Exact reproduction of the listing is required. Pictures are not reproduced.

DATASET CONTENT -
********

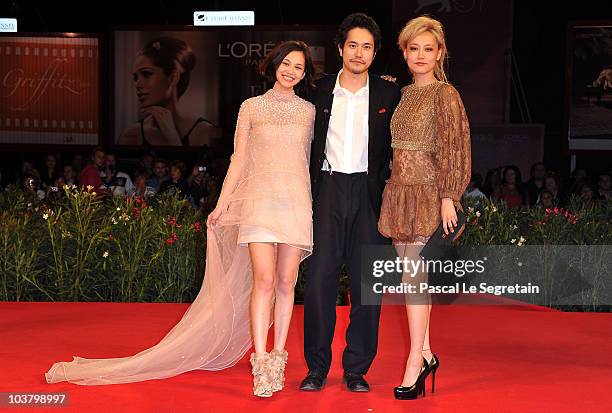 Actress Kiko Mizuhara, actor Kenichi Matsuyama and actress Rinko Kikuchi attends the "Norwegian Wood" premiere during the 67th Venice Film Festival...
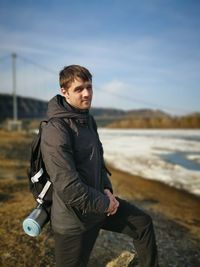 Portrait of young man standing outdoors during winter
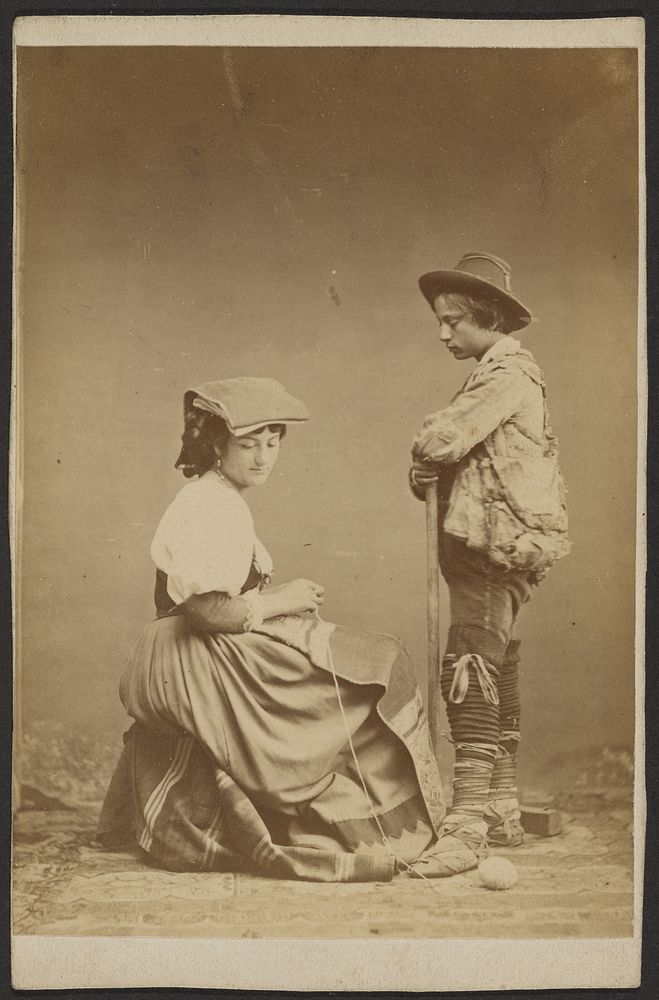 Woman sewing while boy watches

********

SOLUTION TO THE EXERCISE -
 Actress Kiko Mizuhara, actor Kenichi Matsuyama and actress Rinko Kikuchi attends the "Norwegian Wood" premiere during the 67th Venice Film Festival...
 Portrait of young man standing outdoors during winter
 Woman sewing while boy watches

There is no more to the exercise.